Voilà pour ce deuxième blogue. J’en aurais encore beaucoup à dire, mais ce sera pour le prochain épisode. Je continue mon expérience africaine et je sais déjà que l’Afrique a changé ma vie, rien de moins.

Chers parents et ami(e)s, en direct de mon balcon à Fidjrossè-Plage, je vous salue chaleureusement et je vous somme de profiter de l’hiver québécois et de tous ces plaisirs pour moi, car bien que je sois comblée ici au Bénin, mes racines nordiques refont parfois surface et je m’ennuie de la raquette, du snowboard et du ski de fond. Mais j’en profiterai doublement l’année prochaine!

Portez-vous bien,
Je pense à vous,
Bien chaleureusement,

Geneviève

Je vous laisse avec un adage bantou (historiquement, les Égyptiens sont les descendants du peuple bantou, peuple appartenant au Royaume Kongo, avant le partage de l’Afrique) :

« Tant que les lions n’auront pas leurs propres historiens, les histoires de lions continueront toujours à glorifier le chasseur. »

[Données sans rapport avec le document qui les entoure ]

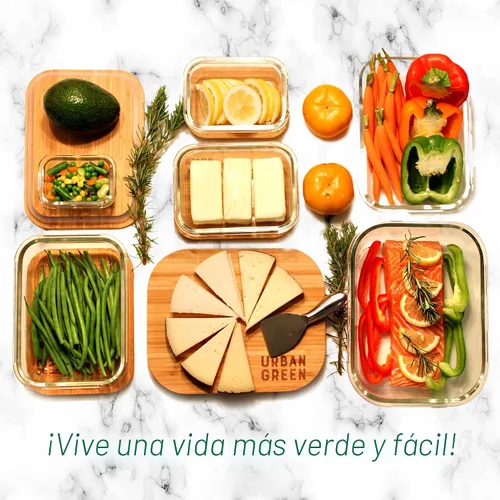 Vista 6 de Urban Green Recipientes de vidrio con tapas de bambú, juego de 4 recipientes de almacenamiento herméticos, juego de recipientes de alimentos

 Voici des maisons sur pilotis et une dame dans sa pirogue dans la Commune lacustre de Sô-Ava, partenaire d'Oxfam avec qui je travaille.


Enfants en plein action à la fête du Vaudou, le 10 janvier dernier.  


Le cortège royal composé de plusieurs Rois, dont celui d'Allada, qui se situe au milieu-gauche, habillé en noir et or.

Enfants bien contents de célébrer la fête du Vaudou et de voir quelques yovos participer aux célébrations!


Un bébé qui dort bien profondément, malgré le bruit et la musique de la fête du Vaudou.